Quelques minutes plus tard, Pierre Laurent, sénateur communiste de Paris, prenait à son tour la parole pour rappeler que l’article 24, qui sanctionne la diffusion d’images de policiers, était loin d’être le seul problématique. «D’autres articles visent aussi à privatiser la fonction régalienne de la sécurité publique. Et c’est particulièrement dangereux.»

Les discussions vont durer trois jours et les sénateurs de gauche vont tenter de faire passer des amendements pour modifier les articles problématiques. Mais face à une majorité de droite largement acquise à ce projet de loi, leurs marges de manœuvre demeurent faibles. Mais Fabien Gay tente de rester optimiste : «Les batailles qu’on ne mène pas sont des batailles perdues d’avance.»


AU SÉNAT, PLUSIEURS POINTS CRISTALLISENT LES DÉBATS

Les discussions sur la proposition de loi doivent se tenir au moins jusqu’au jeudi 18 mars au Sénat. Mardi 16 mars, les discussions se sont ouvertes par le dépôt d’une motion du groupe communiste contre la loi, rejetée par la majorité des sénateurs. Alors que les débats se poursuivent, voici quelques-uns des enjeux :

- Le texte prévoit une expérimentation du renforcement des pouvoirs des agents de police municipale. Jusqu’où iront ces nouveaux pouvoirs? Le Sénat serait favorable à plus d’encadrement que le gouvernement.

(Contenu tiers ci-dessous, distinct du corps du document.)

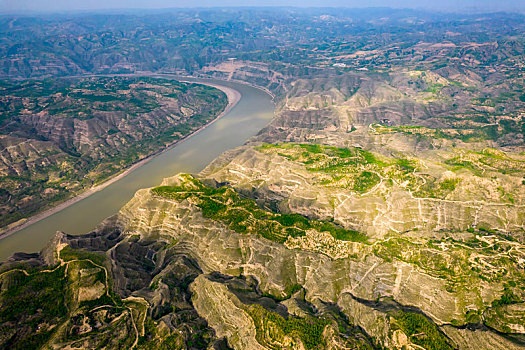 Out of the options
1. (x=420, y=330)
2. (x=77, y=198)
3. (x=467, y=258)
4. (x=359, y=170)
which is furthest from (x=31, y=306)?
(x=359, y=170)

- Sur la sécurité privée, les sénateurs devraient là aussi largement entériner l’élargissement des pouvoirs de ces agents. «Des missions de service public sont déléguées à des entreprises qui n’ont comme finalité que la recherche de la rente», a dénoncé la sénatrice communiste Éliane Assassi.

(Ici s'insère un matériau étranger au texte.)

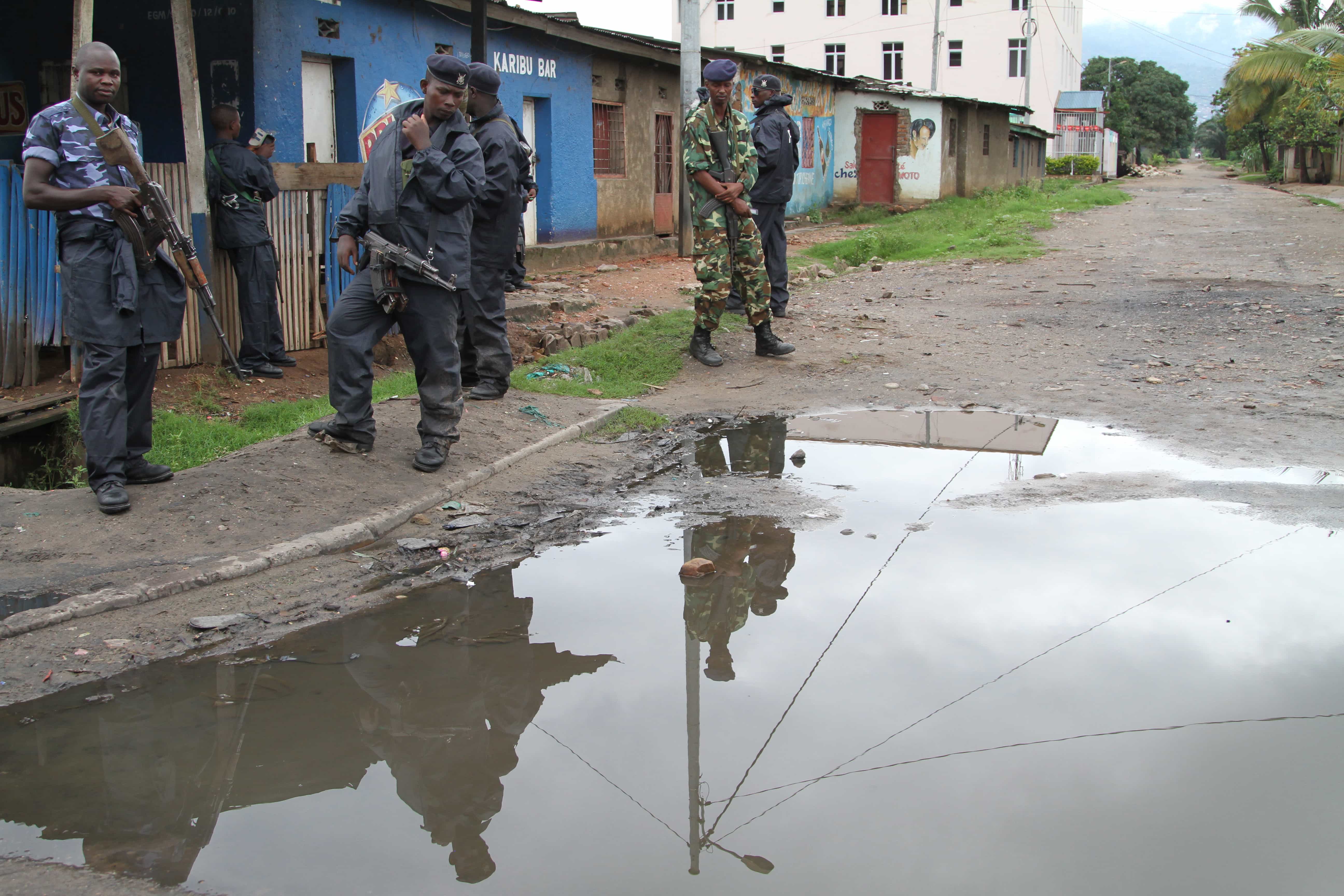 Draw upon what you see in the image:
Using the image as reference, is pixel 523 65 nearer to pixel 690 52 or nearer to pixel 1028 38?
pixel 690 52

- Sur les questions de surveillance et d’usage des vidéos, malgré quelques garde-fous ajoutés, le fond du texte est inchangé : l’usage des drones est autorisé, l‘usage des caméras de tous types est généralisé, les images des différentes caméras des forces de l’ordre pourront être retransmises en direct au poste de commandement, rendant ainsi possible l’usage de logiciels permettant de repérer divers comportements et d’analyser les images. La reconnaissance faciale n’est pas évoquée, mais la porte lui est ouverte avec cette disposition.

- Concernant l’article 24, accusé de vouloir empêcher la diffusion d’images permettant de dénoncer les violences policières, il a été largement modifié par le Sénat, qui l’a retiré de la loi de 1881 sur la presse et a créé à la place un délit «de provocation à l’identification» des forces de l’ordre. Mais il est toujours vivement critiqué. «Ce délit reste très vague, avertit Anne-Sophie Simpere, chargée de plaidoyer libertés à Amnesty International France. L’identification c’est le nom, l’adresse mais aussi le visage, le rio [numéro d’identification des policiers], et ce à l’heure où l’on a des difficultés à identifier les forces de l’ordre quand elles sont responsables de violences policières. Les délits trop larges sont utilisés contre les manifestants pacifistes. Cet article 24 reste une entrave à toute personne qui cherche à documenter les actions des forces de l’ordre.» Le gouvernement tient pourtant à conserver cet article 24. Le ministre de l’Intérieur Gérald Darmanin a indiqué qu’il s’en remettrait sur ce sujet à la «sagesse» des parlementaires.